Whether you are distance learning full-time or using a hybrid approach, chances are you’ll be Zooming! Zoom has been used for class meetings and staff meetings. These Zoom tips for teachers will ensure that you have a successful school year.
Once you sign up for Zoom, there are two options to schedule a meeting. Which of these options you choose depends on the purpose of your meeting.
Personal Meeting Rooms
Your personal meeting link never changes. You can use this personal meeting room for staff or PLC meetings or office hours. If you host any training or collaboration sessions with fellow teachers, this is the best link to use! Passwords and waiting rooms are automatically set in Zoom right now, so if someone enters your Zoom room when you are not available, they won’t be admitted. You may also choose to use this option if you have one class section.
Scheduling a Meeting
The other option to set up a meeting is to schedule a unique (or recurring) meeting. This is the best option to use if you have multiple classes. If you use the personal meeting link, students may drop in during your other classes. Even though you have the waiting room option set, it can still be frustrating to keep track of which kids are in which section, especially at the beginning of the year when you’re getting to know your students names and faces.
Zoom Tips for Teachers: Settings
Basic Security Settings
When you click the “settings” option, you’ll see an overwhelming amount of possible security measures. Here are the main ones you want to pay attention to.
With the new Zoom updates, this option is automatically selected. This option places your students (or staff members) in a waiting room. The host must admit them as they enter the waiting room. If an unknown participant enters, you can decline their entry. This is one reason I tell students they must always enter with their first name and at least last initial. If you keep this option set, participants are not able to join before the host.

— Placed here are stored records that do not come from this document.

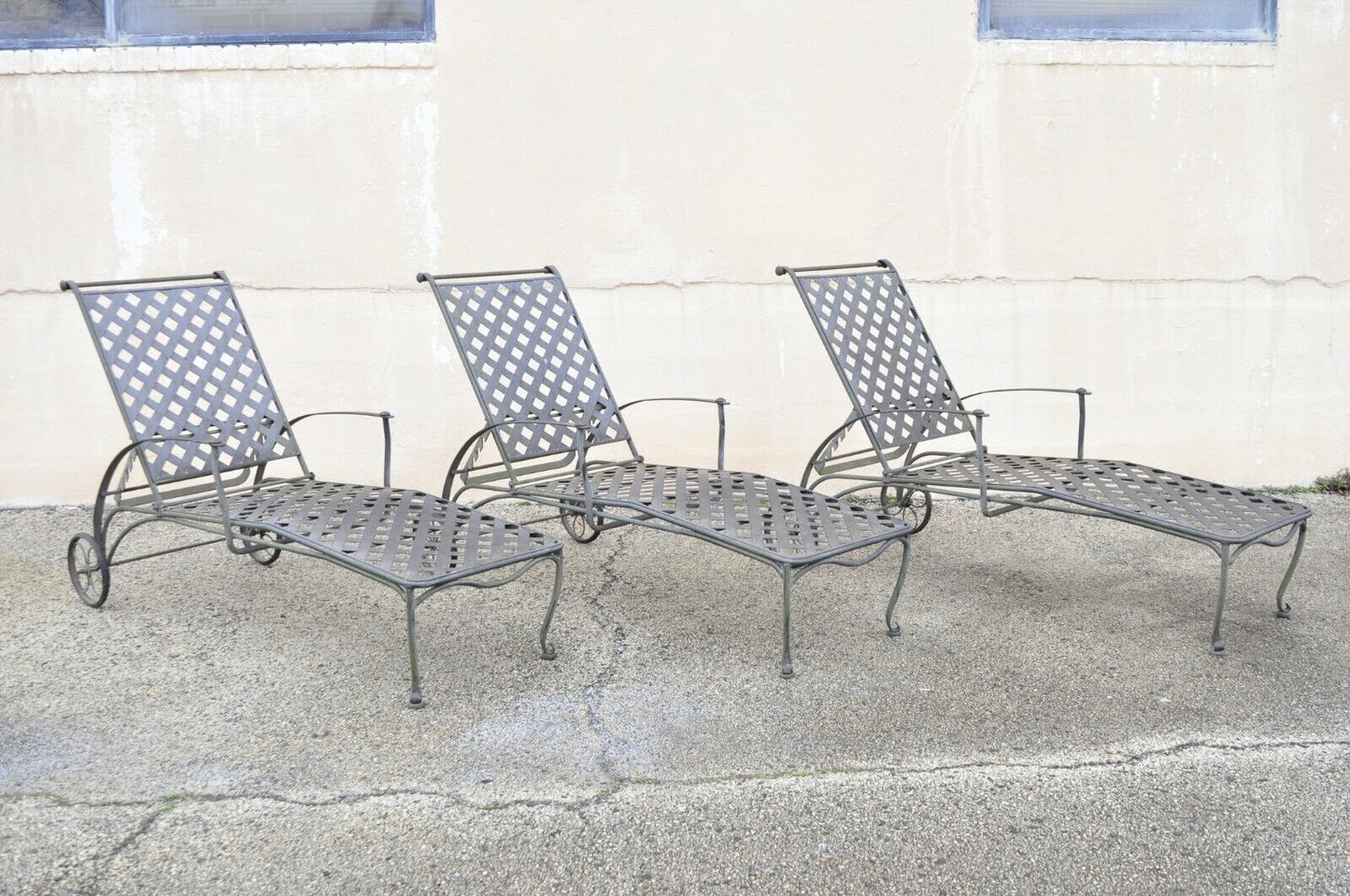Woodard Maddox Black Wrought Iron Adjustable Pool Patio Chaise Lounge Chair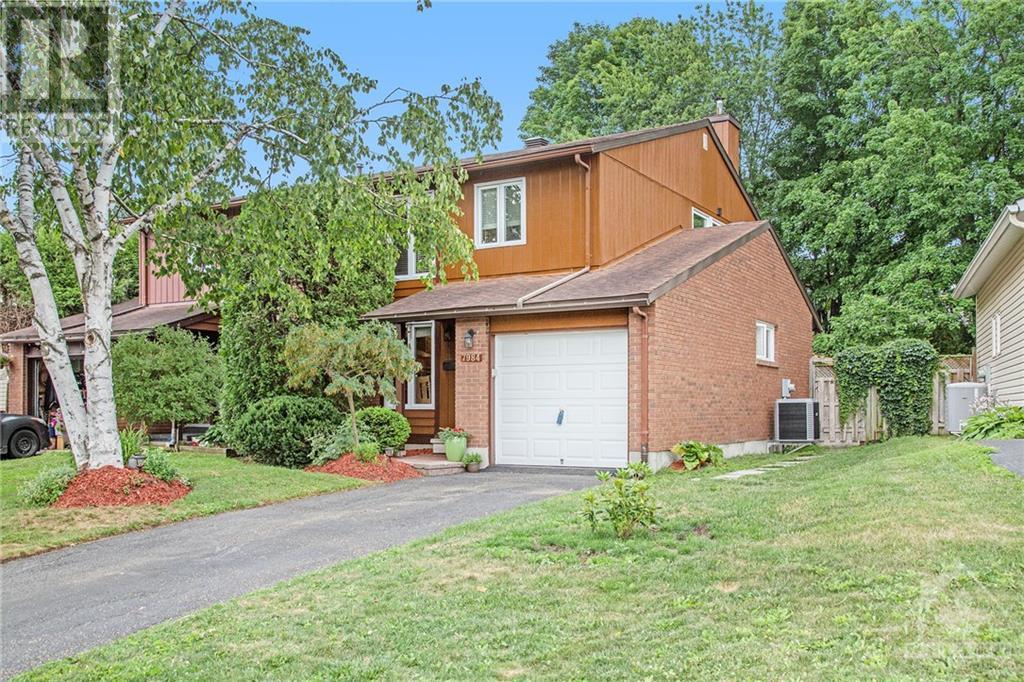 7984 Decarie Dr  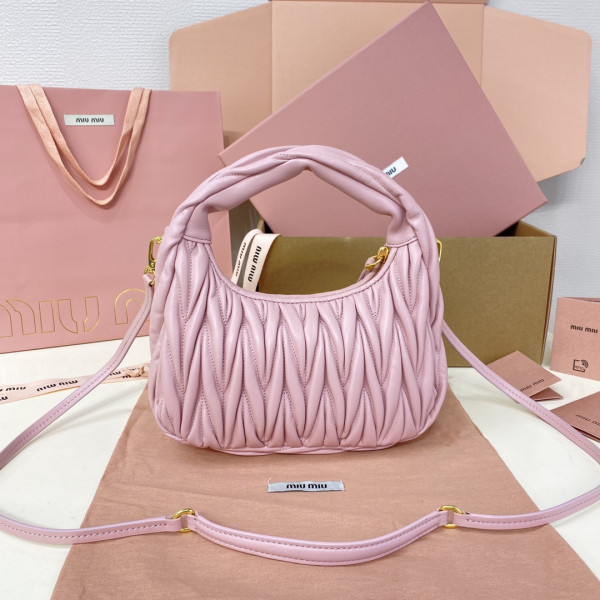 M*um*u wander matelassé nappa leather hobo bag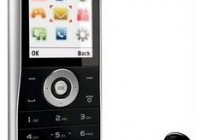 Philips E100 budget Music phone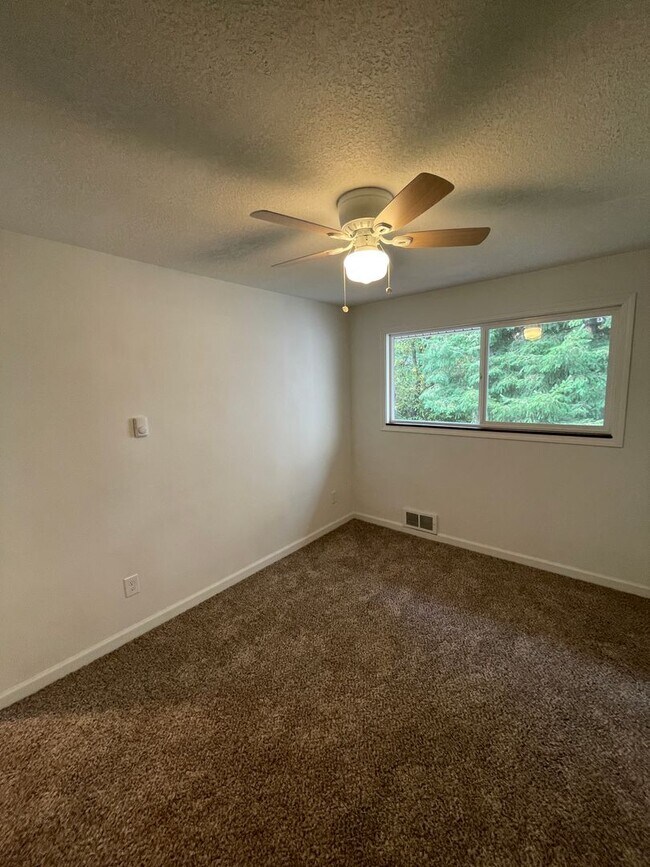 Building Photo - KellyCreek03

This is also another option that is automatically selected with the updates. When Zoom came on in full force a few months ago, there were Zoom bombers that were crashing meetings even with kids! This can be avoided by requiring a password and enabling the waiting room.
Additional Meeting Settings
Some other important settings don’t necessarily focus on security, but they’re extremely helpful when hosting your meeting.
I prefer to start meetings with both the host and participant videos on. This alleviates the, “Sally, turn on your camera” conversation that inevitably happens. Bonus: you get to see the smiling faces of your students or colleagues on camera!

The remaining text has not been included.